Human learners inherently continue learning after training and can become more proficient in task performance due to experience on-the-job. Certain professions require learners to initiate recurrent or refresher training, as skill-decay can occur over time. For agent learners, continuous learning is a design choice.

An advantage of online learning is that the learner can continuously adapt to evolving environments, beyond the scope that may have been taken into account during training. However compared to a training environment, agents in operational environments may not be permitted to make critical mistakes and may require adherence to safety constraints. Techniques such as safe reinforcement learning addresses this issue [28].

A possible downside is that validated performance cannot be guaranteed any longer. For instance, continuous optimization on certain aspects of a task could lead to decreased performance on other aspects. This is known as the stability-plasticity problem in learning algorithms where plasticity is required to integrate new skills, but also stability to retain existing skills [29]. Similar to human learners, recurrent training and validation can be used to ensure the retention of skills.

4 Adaptive Instructional System for Learner Agents

In this section we zoom in on the training system that is central to Fig. 1 and present it as an adaptive instructional system (AIS). For professional training of human learners, AISs are becoming more in demand, due to the availability of high fidelity simulation-based training environments and the trend towards more personalized training to suit the needs of individual learners. In this section we explore the application of the AIS concept to agent (cf. computational) learners, as opposed to human learners. First, we present the definitions for the components of an AIS that we use in this section.

4.1 Defining the Components of an AIS

Adaptive instructional systems are often characterized by four functional components [30]. Although the exact division of functions and responsibilities of these components and their interactions varies from system to system, we use the following descriptions:

  1. 1.

    Domain Model: defines the task objectives and the domain (expert) knowledge on the task to be learned, such as the skills, knowledge or problem-solving strategies. Besides information on what has to be learned, it provides a performance standard: metrics or indicators that can be used to judge the learner’s performance and progress with respect to the task.

  2. 2.

    Learner Model: based on the task objectives and performance standard, the learner model measures and evaluates the learner’s progress towards this standard. Additionally it maintains the learner’s evolving states (e.g. cognitive, affective, motivational or physiological states) that can be used to adapt the training and optimize the learning process.

  3. 3.

    Instructional Model: based on the current learner’s evaluation and mental states, the instructional model implements the system’s instructional strategies. It plans, coordinates and applies teaching activities through direct interventions (such as providing feedback to the learner) or indirect interventions (such as adapting the learning content or environment).

  4. 4.

    Interface Model: provides a user interface for the instructional system to interact with the learner and learning environment.

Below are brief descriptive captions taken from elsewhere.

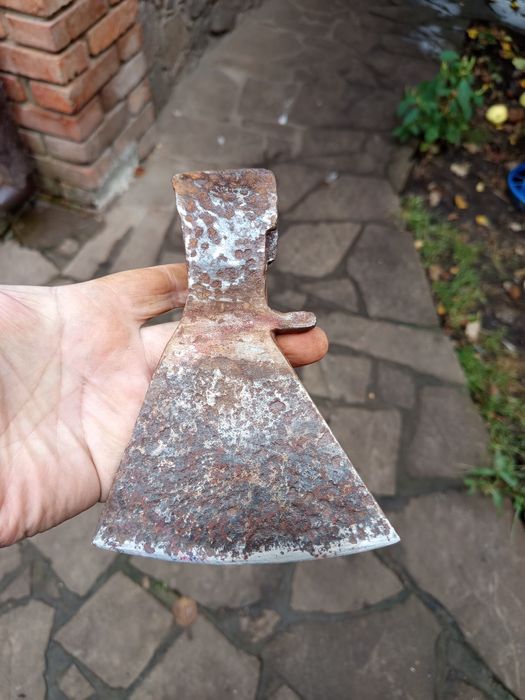 продам советский маленький топорик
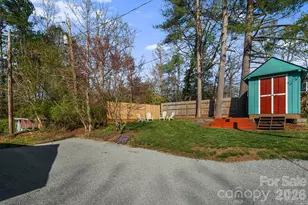 1207 Willow Rd, Hendersonville, NC 28739 - Photo 28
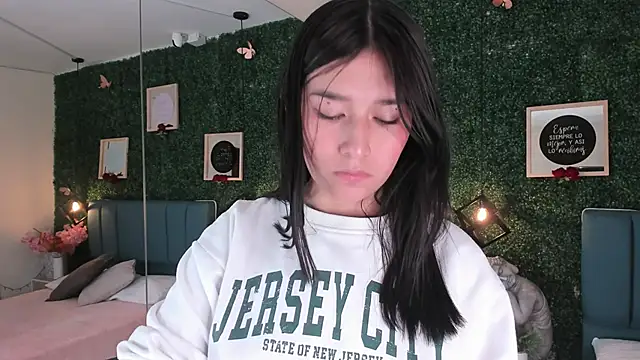 Rubyvixxen  online show from 10/30/25, 03:19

4.2 Reinforcement Learning by an AIS

When an AIS is considered for training an agent learner, the functions of an AIS resemble the typical functions of a learning algorithm. Below, we illustrate this using a basic description of RL.

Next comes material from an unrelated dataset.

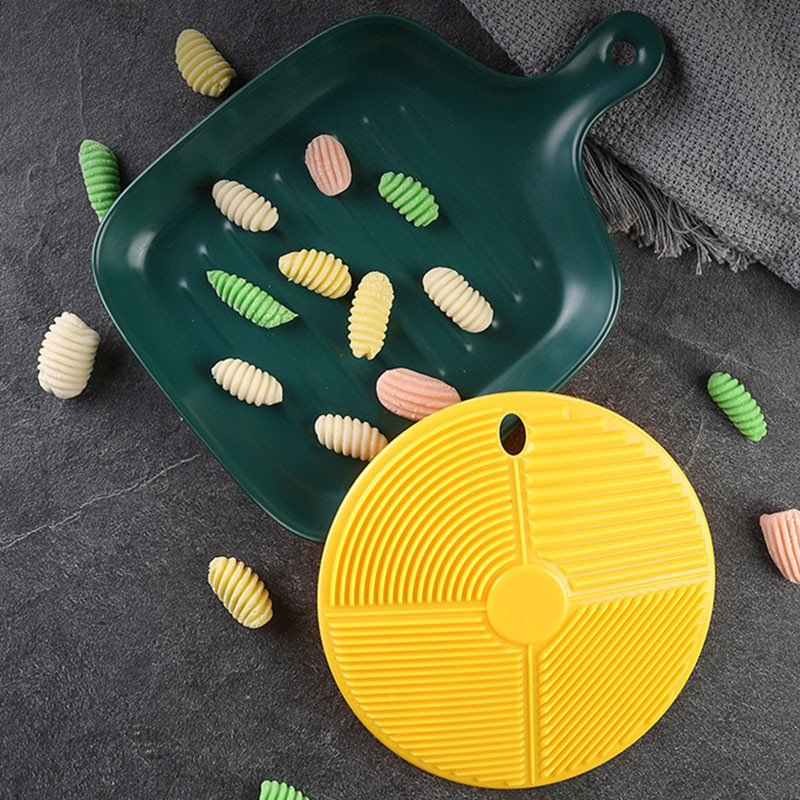 Daugiafunkcis geltonas kepimo įrankis makaronų kepimo lenta buičiai, 1 vnt. virtuvės reikmenys „pasidaryk pats“ formos makaronų lentos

RL algorithms are based on the concept that an agent learns sequences of decisions (called a policy) by experiences obtained through interaction with an environment. An agent continuously takes actions based on its current policy and observes a new state of the environment. In parallel, the agent receives feedback signals (called rewards) from an external critic, to indicate positive or negative trends towards some goal. The learning process revolves around correlating these signals with the agent’s own actions and the resulting changes in the environment in order to update its policy, with the goal to maximize future accumulative rewards.

Fig. 2.
figure 2

AIS for an agent learner

Different aspects of a RL algorithm can be mapped to the functions of an AIS, as defined in Sect. 4.1. Figure 2 illustrates this mapping. The Domain Model contains the training goal of the RL algorithm, such as winning a game, defeating an enemy or accomplishing a task. In a RL algorithm, the goal is often not explicitly stated but rather kept in the head of the designer. The Learner Model judges the current policy of the agent by measuring its behavior, either directly or indirectly through environment observations (the latter is not shown in the illustration). The Instructional Model determines what feedback to give to the agent and when. This is commonly implemented by a reward function. Finally, the Interface Model defines the actions and observations for the agent’s interface with the environment. In addition to the AIS functions, Fig. 2 shows two concepts: (1) the ability to bootstrap the agent with priors, such as starting with pre-trained models or encoding domain knowledge (cf. Sect. 3.1), and (2) the ability of indirect intervention through environment adaptation (cf. Sect. 3.3).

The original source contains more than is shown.